Account Levied With Only One Notice
My client is a contractor who owes about $100,000 in unpaid payroll taxes. The EDD recently sent him a collection notice letter. It said levying on his account was one of many options it could exercise. The money was due immediately, but the letter gave no other or specific deadline. Two weeks later, and with no further warning, the EDD took funds from his business’ payroll account without any additional warning. He couldn’t make payroll as a result. I was able to get the EDD to return enough money so that my client could pay his workers. The EDD said we could work out an install agreement that would allow my client to continue his business. However, the EDD has ignored my calls and faxes, and continues to levy on my clients account. Is this a deliberate form of punishment? If so, who does it benefit? It jeopardizes my client’s businesses viability which, in turn, threatens his ability to repay the state. Or, is this the result of EDD staff incompetence?
Contrast With IRS Process
When the IRS intends to levy on a taxpayers account, it is required by federal law to send four notices by first-class mail and a fifth and final notice by certified mail. After the final notice, it must wait 30-days before levying, during which time the taxpayer can file a Collection Due Process hearing request, which automatically stops the levy until after the taxpayer has had their objection heard.

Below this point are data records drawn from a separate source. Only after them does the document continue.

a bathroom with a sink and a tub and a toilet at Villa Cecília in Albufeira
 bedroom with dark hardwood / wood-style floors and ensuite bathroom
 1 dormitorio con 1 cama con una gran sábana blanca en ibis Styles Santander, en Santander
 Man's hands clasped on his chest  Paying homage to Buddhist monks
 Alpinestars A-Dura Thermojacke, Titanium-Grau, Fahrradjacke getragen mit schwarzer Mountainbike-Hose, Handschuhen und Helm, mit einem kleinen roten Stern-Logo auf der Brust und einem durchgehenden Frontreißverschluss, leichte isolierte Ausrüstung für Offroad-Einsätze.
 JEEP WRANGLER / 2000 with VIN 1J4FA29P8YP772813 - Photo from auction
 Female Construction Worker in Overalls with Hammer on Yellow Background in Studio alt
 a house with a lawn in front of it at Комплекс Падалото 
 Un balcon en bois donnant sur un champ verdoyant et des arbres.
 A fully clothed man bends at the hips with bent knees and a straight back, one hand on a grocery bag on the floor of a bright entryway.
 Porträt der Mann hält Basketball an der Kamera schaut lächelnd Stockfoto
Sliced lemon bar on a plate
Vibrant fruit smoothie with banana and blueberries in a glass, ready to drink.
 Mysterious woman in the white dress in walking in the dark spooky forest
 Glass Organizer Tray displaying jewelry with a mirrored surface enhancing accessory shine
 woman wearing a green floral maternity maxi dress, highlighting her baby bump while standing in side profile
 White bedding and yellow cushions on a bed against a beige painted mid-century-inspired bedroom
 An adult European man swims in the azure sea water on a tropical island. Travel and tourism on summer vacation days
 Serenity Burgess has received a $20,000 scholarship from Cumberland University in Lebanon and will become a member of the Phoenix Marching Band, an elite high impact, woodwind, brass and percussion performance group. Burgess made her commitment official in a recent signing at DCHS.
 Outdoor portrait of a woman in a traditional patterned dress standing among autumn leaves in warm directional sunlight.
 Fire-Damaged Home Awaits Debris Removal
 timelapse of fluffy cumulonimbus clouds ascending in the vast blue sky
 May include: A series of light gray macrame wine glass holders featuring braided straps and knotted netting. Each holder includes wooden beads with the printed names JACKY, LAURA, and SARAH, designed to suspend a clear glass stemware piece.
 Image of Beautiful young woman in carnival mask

EDD “Process” Is Hit-or-Miss
An IRS-like process is not available to my client in his problems with the EDD. Neither myself nor my client disagree that he owes back payroll taxes to the EDD. The EDD views unpaid payroll taxes as an unindicted crime, because the employer is taking the employee’s tax money to fund its own operations. The EDD has the right to enforce the law so strictly that the taxpayer is shut down. But most EDD and IRS staff understand that no one benefits if the taxpayer cannot own up to the mistake, make amends, and try to continue functioning as an ongoing business. That means keeping current and sticking to a plan to pay the back taxes. If the agency can’t respond to offers to do just that, then it needs more staff, or better staff.
I try to make the government’s job as easy as possible, by giving it everything it could want to grant favor to my client. I still don’t know what else I can do to get the EDD to behave more reasonably, and let my client get on with his business so that he can repay them.
Of course, the biggest take-away for any potential clients is to not to get into this situation in the first place. Because the EDD is so unpredictable and sometimes draconian in its collection efforts, it is never a good idea to defer payroll tax deposits in order to keep a business afloat. Yup, I’m telling you to shutter your business if you can’t pay payroll tax, rather than stay open. Believe me, you don’t want to go through what this client is currently facing.